▶ _Task goal_
Would you transcribe the whole listing exactly and drop its images?

▶ _Records provided_
------------
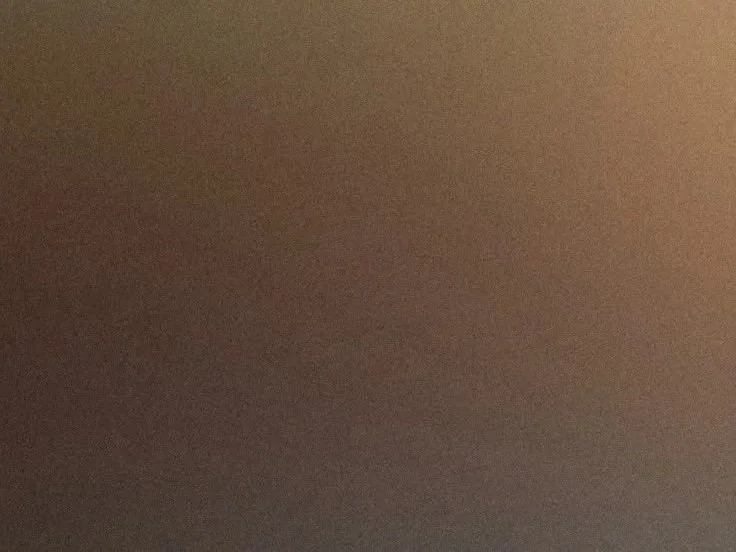 A mostly brown blurred background with no distinguishable objects or features.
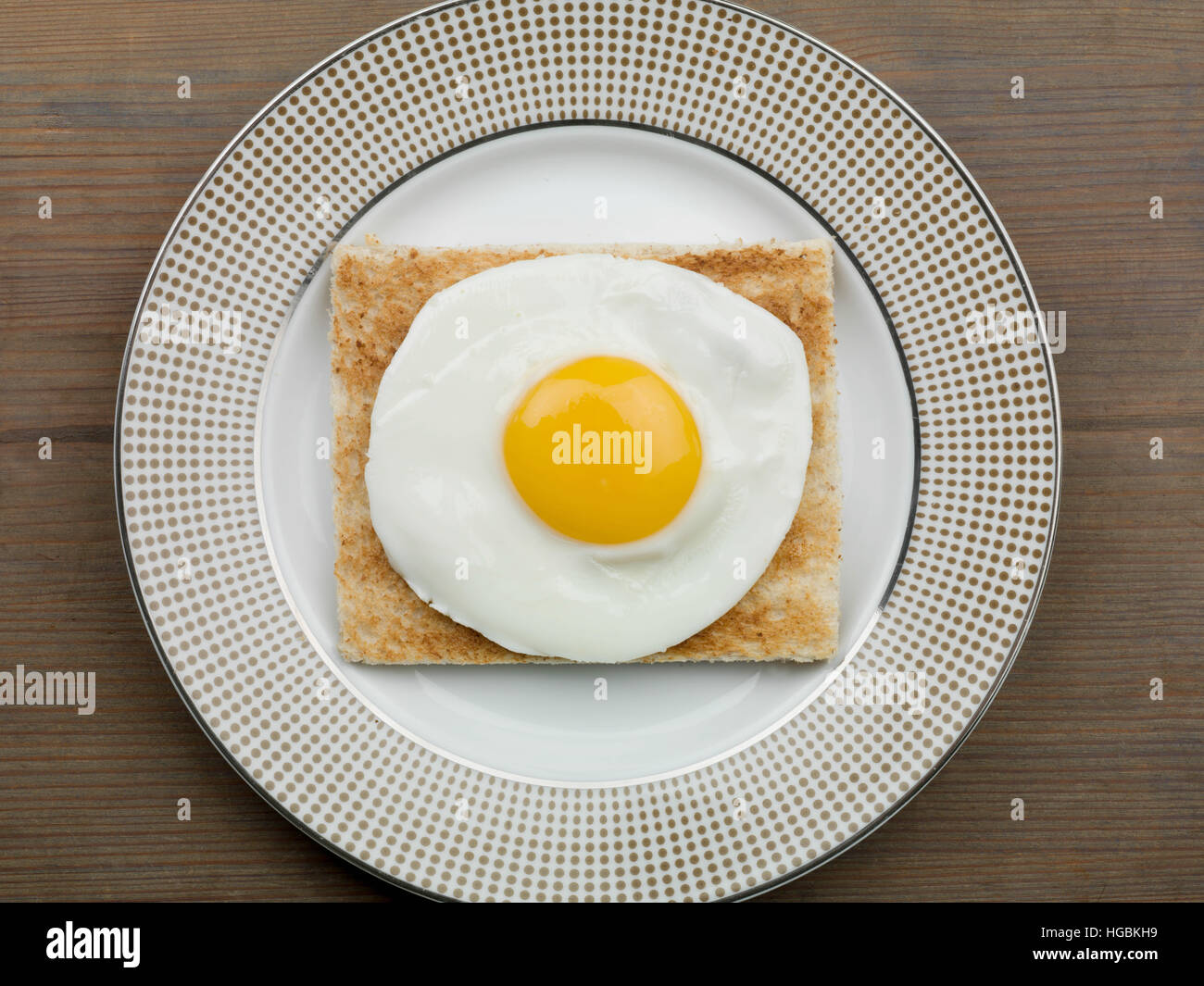 Ein frisch zubereitetes Frühstück von einem Spiegelei auf Toast oder leichtes Mittagessen Sunny Side Up serviert auf einem Teller mit keine Menschen als Flach Zusammensetzung Stockfoto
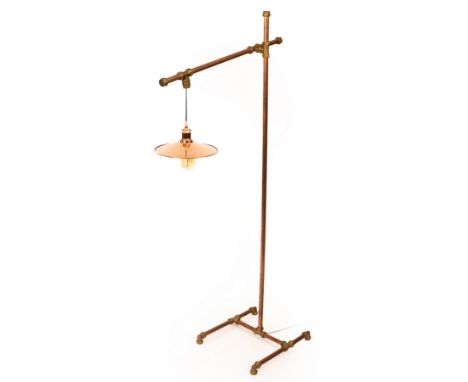 A copper standard floor lamp with adjustable arm, 160cm high CONDITION REPORT: Wired for use and has been PAT tested. Dimmer 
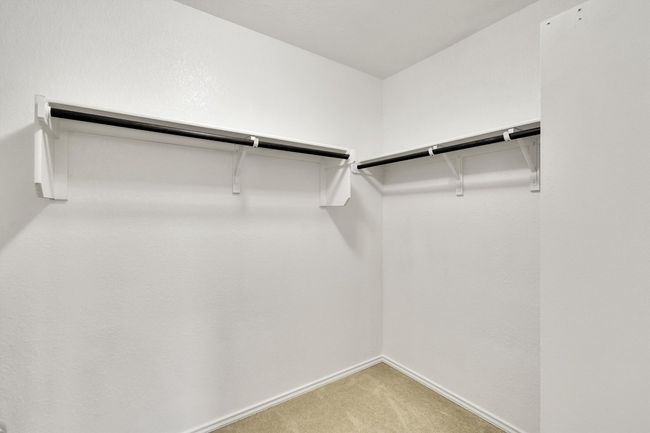 Spacious closet featuring light colored carpet | Image 27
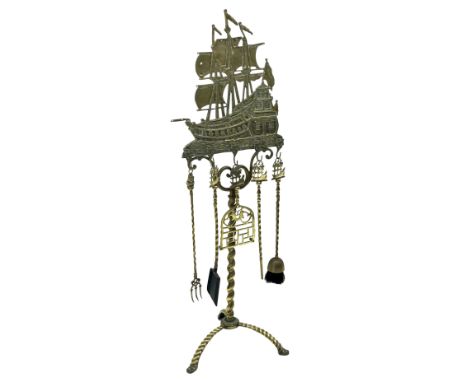 Early 20th century Dutch cast brass fireside companion stand, the galleon surmount supporting five fire tools, raised on a sp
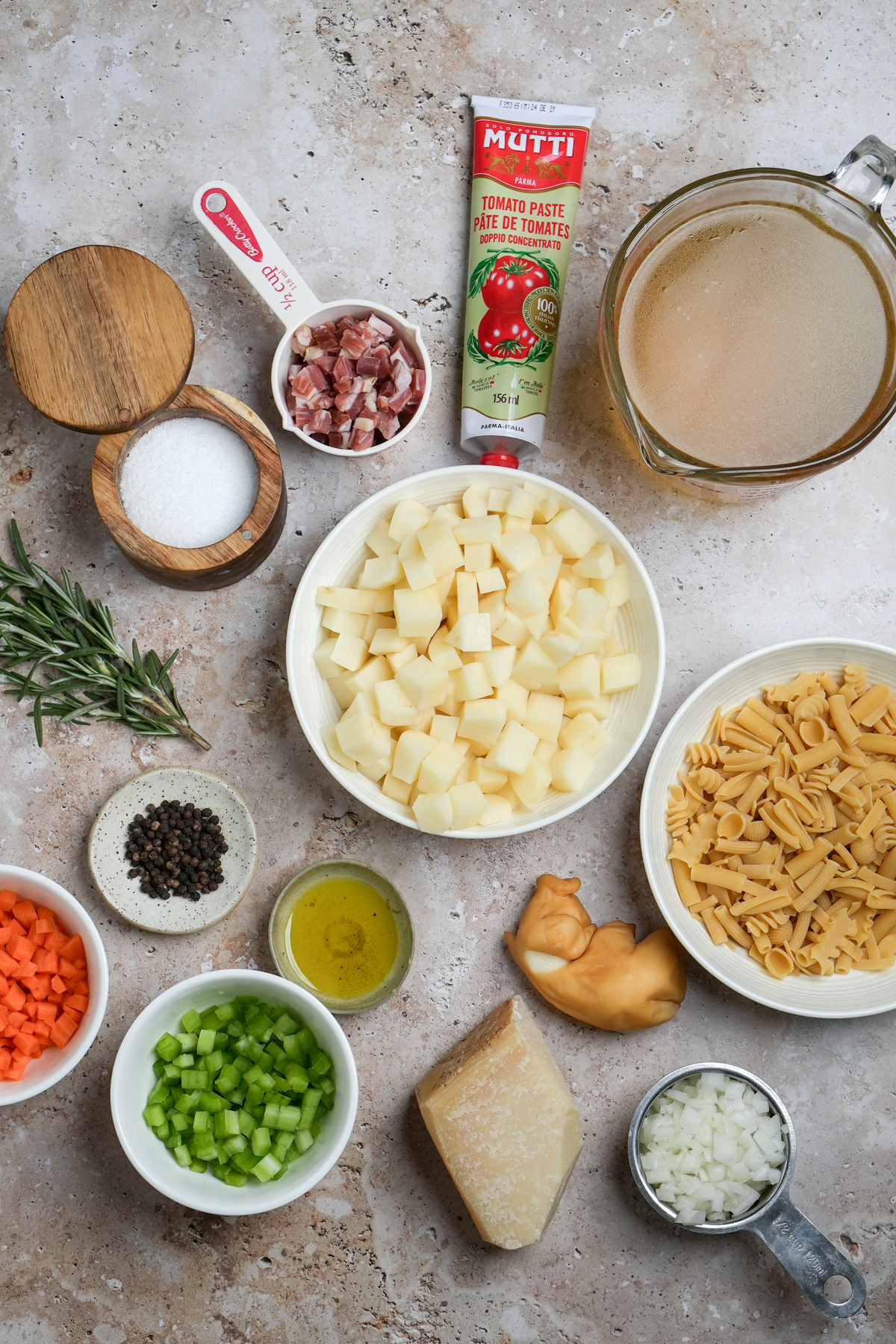 Ingredients for pasta e patate - tomato paste, vegetable stock, pasta mista, scamorza, onion, parmigiano reggiano, potatoes, celery, carrots, olive oil, pepper, rosemary, salt, pancetta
------------
▶ _Exercise output_
 A mostly brown blurred background with no distinguishable objects or features.
 Ein frisch zubereitetes Frühstück von einem Spiegelei auf Toast oder leichtes Mittagessen Sunny Side Up serviert auf einem Teller mit keine Menschen als Flach Zusammensetzung Stockfoto
 A copper standard floor lamp with adjustable arm, 160cm high CONDITION REPORT: Wired for use and has been PAT tested. Dimmer 
 Spacious closet featuring light colored carpet | Image 27
 Early 20th century Dutch cast brass fireside companion stand, the galleon surmount supporting five fire tools, raised on a sp
 Ingredients for pasta e patate - tomato paste, vegetable stock, pasta mista, scamorza, onion, parmigiano reggiano, potatoes, celery, carrots, olive oil, pepper, rosemary, salt, pancetta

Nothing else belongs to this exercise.